Do sex and the sea go hand in hand? Jonty Pearce ponders the British protocol for such behaviour
The physical aspect of on board romance is a subject rarely covered by the yachting press. We know many sailors do participate in a bit of nookie afloat, but few will actually admit to it. And fewer still are brave (or foolhardy) enough to even ask about it; such inquisitiveness comes under the ‘slightly kinky’ label and interested parties would be better directed to top shelf publications. No, amongst sailors the subject is decidedly taboo. Verily, the publication of these words speaks volumes about the editor’s desire to give all activities afloat a broad airing.
The British have a reputation for prudishness and sexual restraint that emanates from French propaganda. Indeed, the sight of a Gallic couple gazing lovingly into each other’s eyes across the cockpit before rising, kissing, and slipping below hand in hand would raise no eyebrows. Their mast would rock gently from side to side while their British neighbours would carefully avert their eyes and talk fervently about the weather. No, sex afloat for us Brits is not quite the done thing, old chap. Yet look around you – our population is not shrinking, so hidden procreation must occur. Maybe we are not all as prudish as our neighbours across The Channel assume.
Perhaps our fantasy is to sail off to some secluded sunny beach with the (hopefully mutual) partner of our desire where it is possible to bob privately at anchor. A disinhibiting glass or three anticipates slinking off below for a spot of nautical seduction. Such euphoric moments can occur, but interruptions can be myriad. From the rumble of a dragging anchor to the broadcast of ‘gale warning’ on the radio, any number of factors can cause a droop in ones libido. The most unwelcome might be the call of ‘ahoy there, can we raft up to you?’

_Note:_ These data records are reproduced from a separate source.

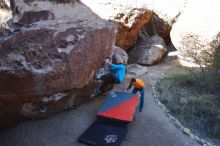 Bouldering in Hueco Tanks on 01/29/2020 with Blue Lizard Climbing and Yoga

Filename: SRM_20200129_1118160.jpg
Aperture: f/6.3
Shutter Speed: 1/250
Body: Canon EOS-1D Mark II
Lens: Canon EF 16-35mm f/2.8 L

What does etiquette dictate when moored in company? Apart from the requirement of muffling any inappropriate noise, not rocking the boat does become an issue. The coarse cry of ‘we know what you’re doing’ ringing across an anchorage tends to put one off ones stroke. A still more difficult situation develops when sharing a boat with others, either as guests or on charter. Few would want to pay for an expensive sailing holiday to the Caribbean with their sweetheart and friends and not indulge in a little of what you inevitably fancy after a few rum cocktails. I suppose the options could either be a brash ‘so what, we’re all at it’ simultaneous activity, or the pretense of ‘no sex please, we’re British’ with secret snuggling in a sleeping bag whilst trying to muffle the heavy breathing with a spare pair of socks, movement limited in the heat of the moment.
Or should we assume a studied normality when our friends emerge flushed but relaxed after a horizontal interlude as if nothing has happened? Many may make the excuse of a private trip to a secluded beach, or alternatively suffer a simultaneous joint headache enforcing a private stay on board where the necessary urges can secretly be slaked.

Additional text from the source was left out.